Grizzly Man -- This movie traces the strange, amazing and ultimately tragic journey of Timothy Treadway, who spent 13 summers living among Alaska's grizzly bears until he and his girlfriend were fatally attacked on the last day of his 13th year. Much of the film is shot by Treadway himself, and it is some of the most amazing wildlife footage ever seen. While Treadway at times seems delusional about his relationship with the bears, there is no denying that he lived more intimately with them than perhaps any human ever has. In the wilds of Alaska, where bears seldom see humans, he could touch the nose of a bear cub while the mother looks on. But there is also a rage inside of Treadway.

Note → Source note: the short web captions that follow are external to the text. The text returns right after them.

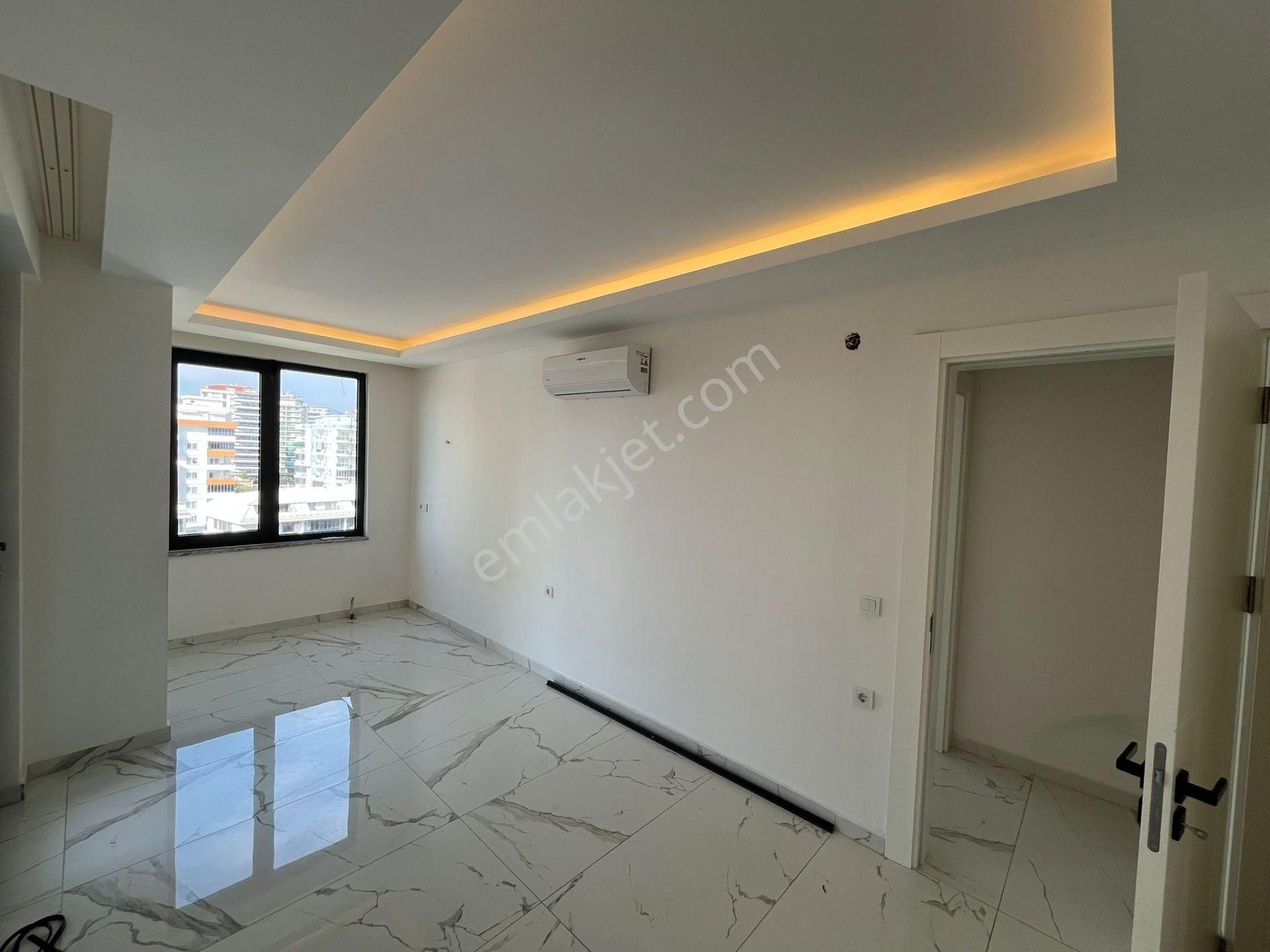 Alanyada Mahmutlarda Kiralık 1+1 Boş Daire Lüks Site - Görsel 7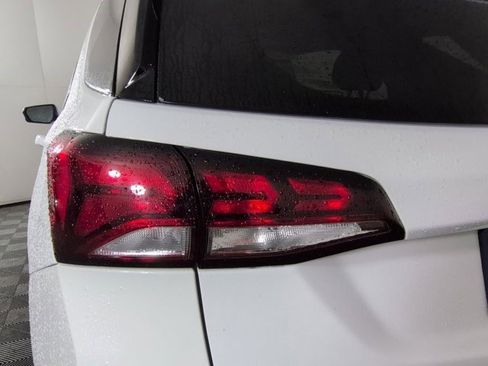 Certified 2024 Chevrolet Equinox LT AWD/4WD image 21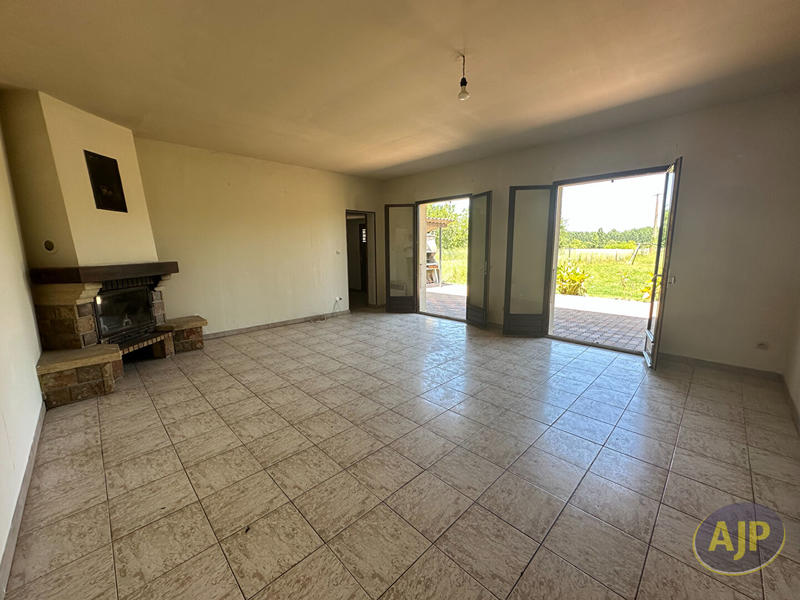 Maison - 93 m² - 4 pièces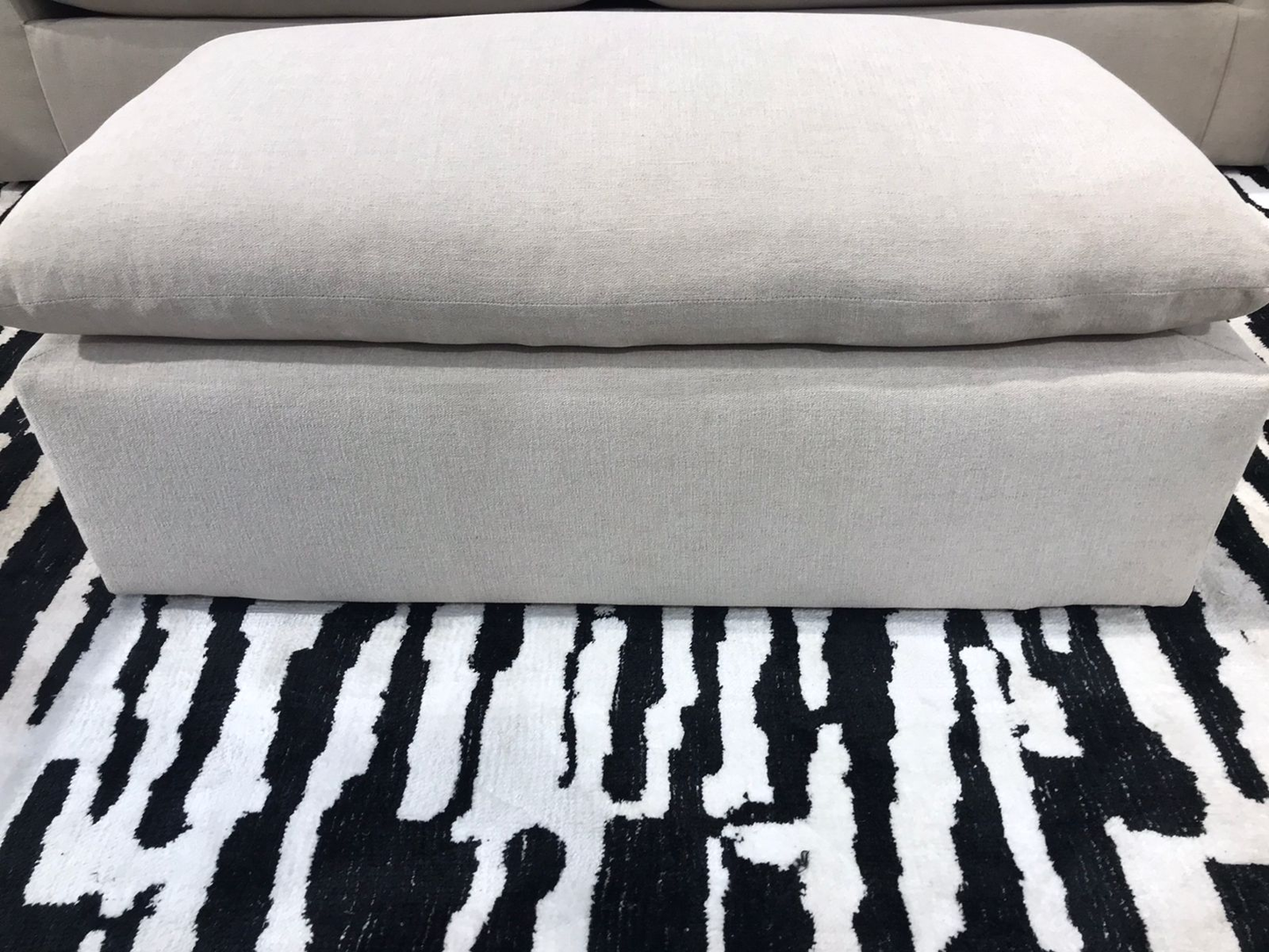 SOFA OTTOMAN WHITEHAVEN 7741214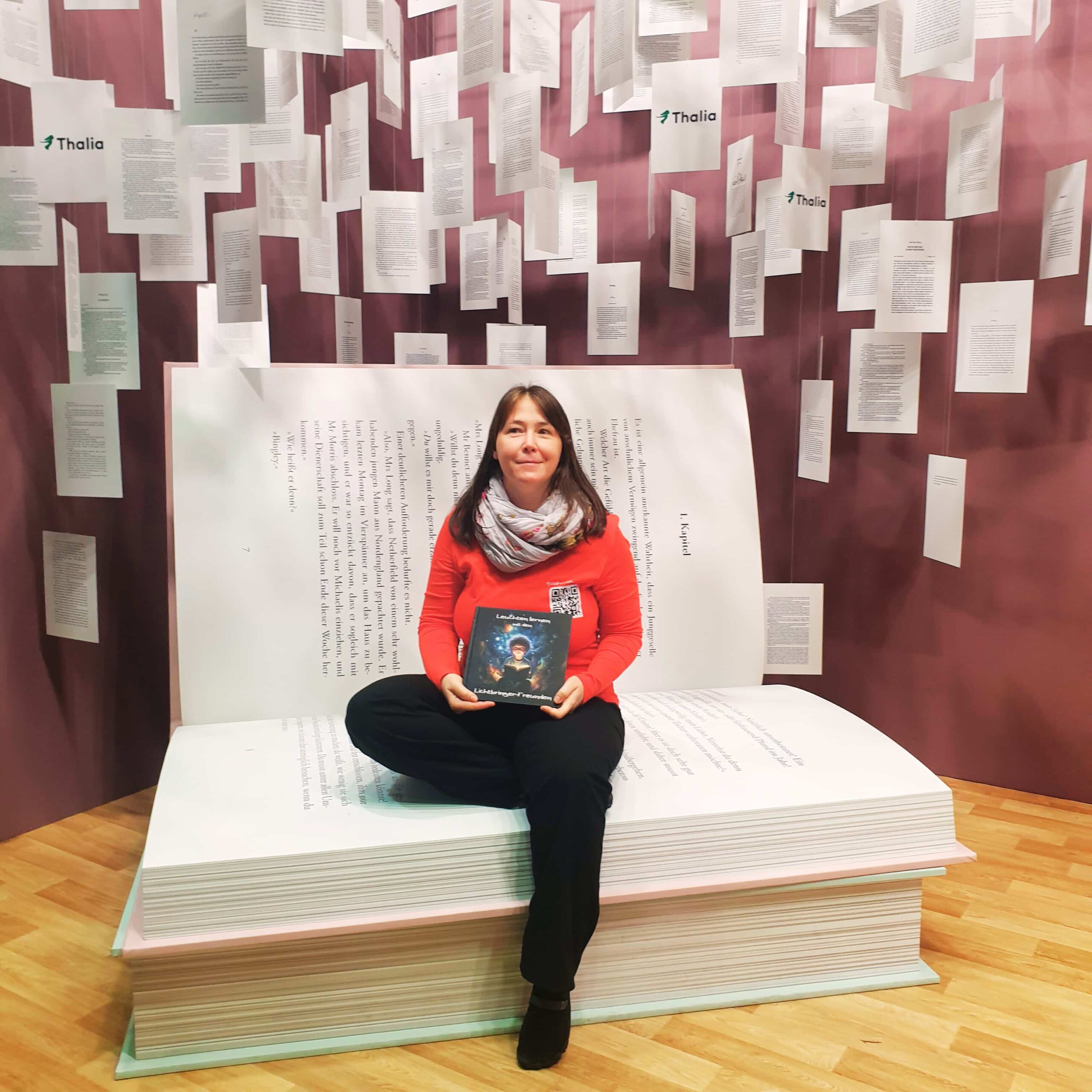 Elke Raab auf der FBM 2025 in der Thalia Fotobox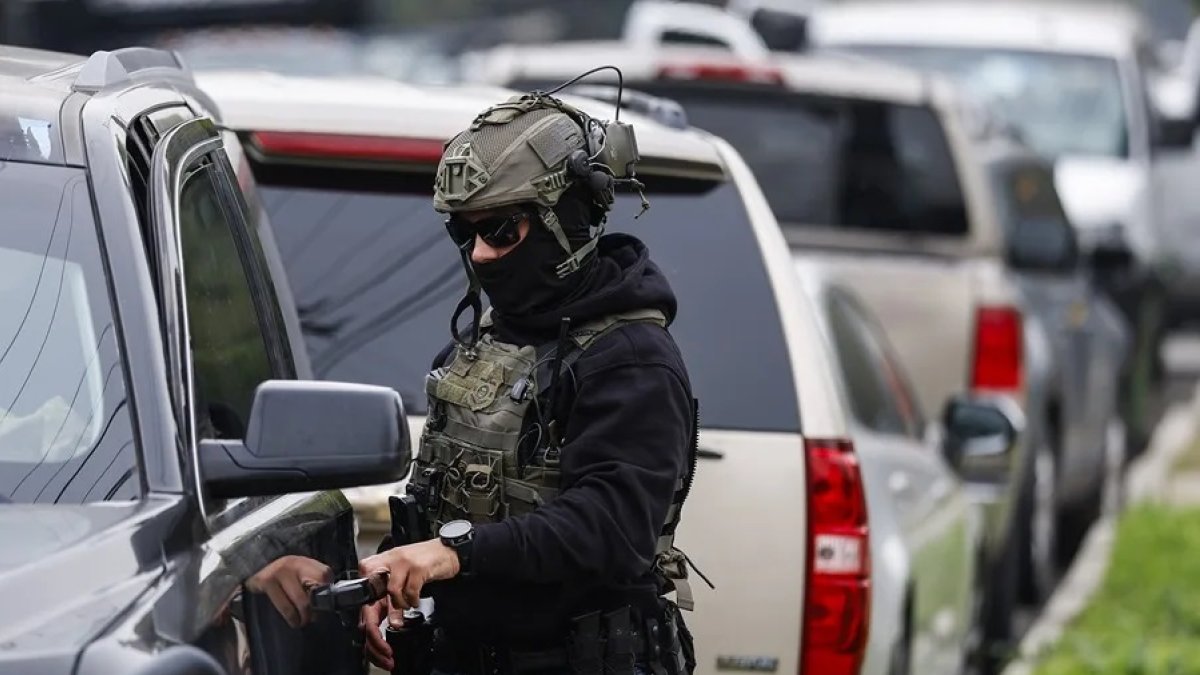 Jueza bloquea ley de California sobre uso de pasamontañas por agentes migratorios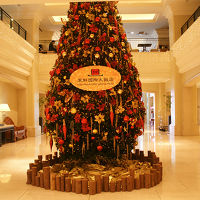 エントランスのクリスマスツリー。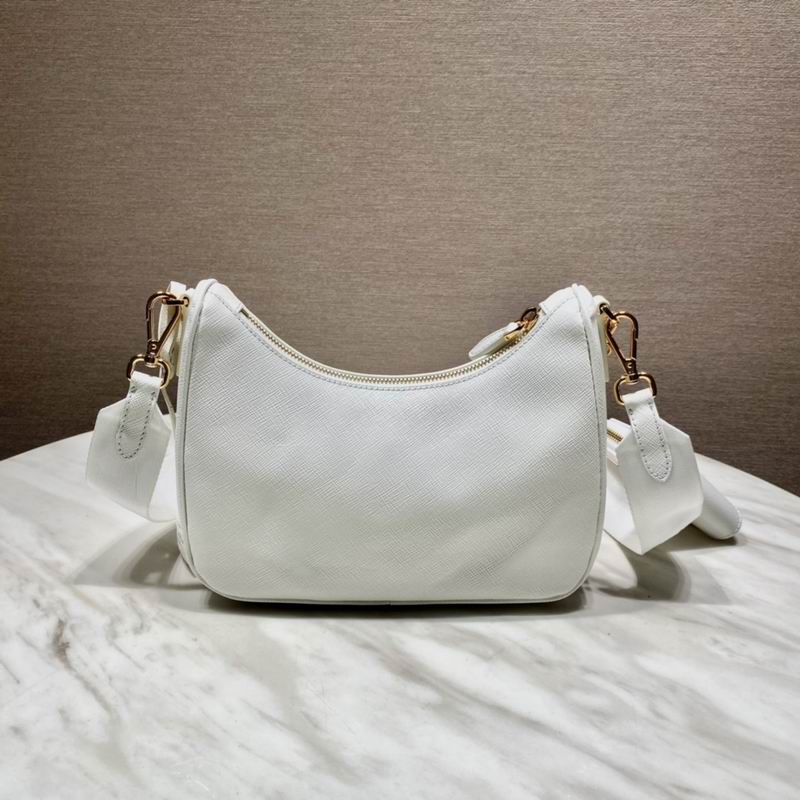 Bolsa Prada Hobo Re-Edition Re-Nylon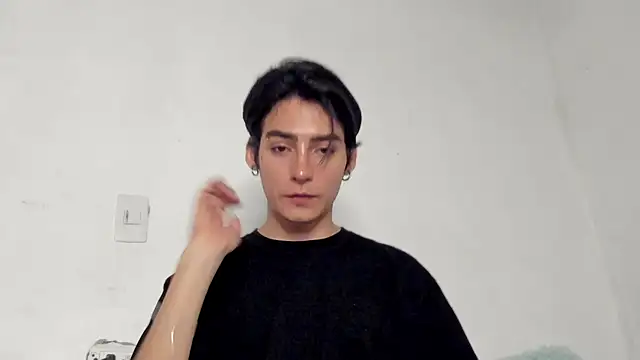 sebas rose online show from 12/30/24, 12:11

He films his profane rants against the National Park Service and other humans who explore the area. The final moments when a bear attacks Treadway, then his girlfriend, were actually caught by the camera -- but with the lens cap on. While the director listened to the tape, he wisely chose not to include the last horrifying moments in the film. We are left with a spectacular and puzzling portrait of a remarkable but troubled man, and the wondrous creatures with whom he live -- and died.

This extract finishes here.